Dataset section —
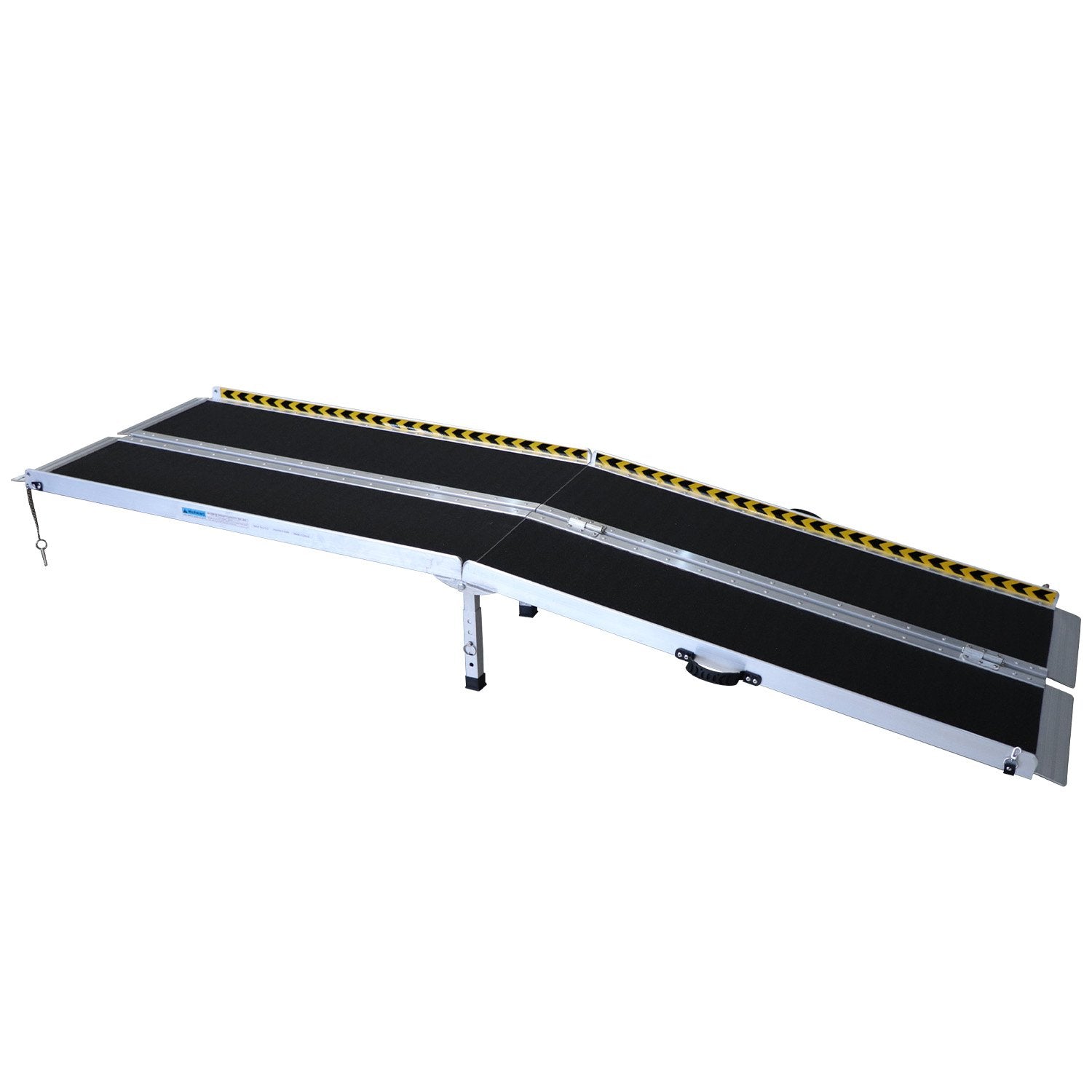 3m Long Aluminium Wheelchair Ramp With Leg Support - 275kg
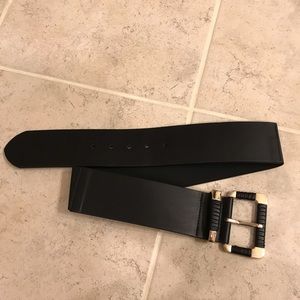 White House Black market belt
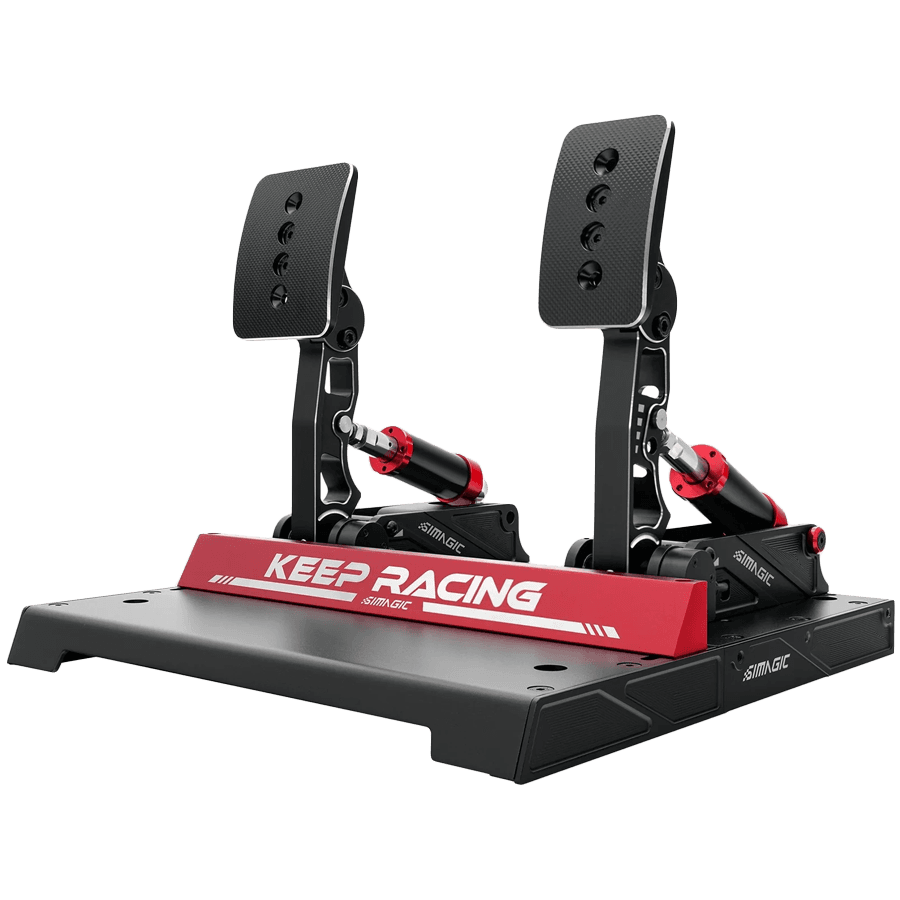 SIMAGIC P1000-F Formula Modular (Dual) Pedals Set. S308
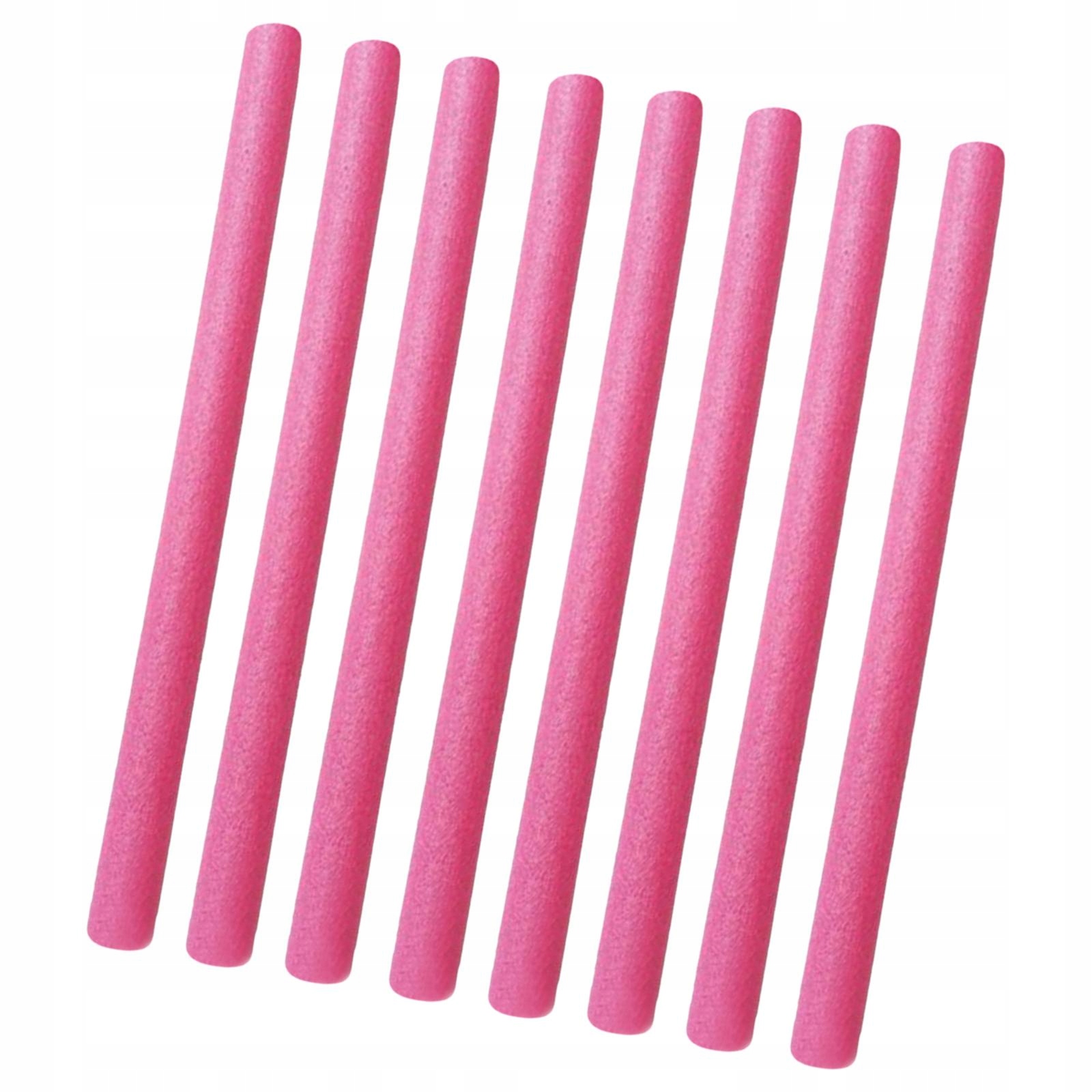 90CM 6/7/8/9Pcs Trampoline Enclosure Pole Foam Pipe Sponge Casing 8 Pink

Exercise goal — With pictures excluded, the material is to be written out exactly as given.

Task output —
 3m Long Aluminium Wheelchair Ramp With Leg Support - 275kg
 White House Black market belt
 SIMAGIC P1000-F Formula Modular (Dual) Pedals Set. S308
 90CM 6/7/8/9Pcs Trampoline Enclosure Pole Foam Pipe Sponge Casing 8 Pink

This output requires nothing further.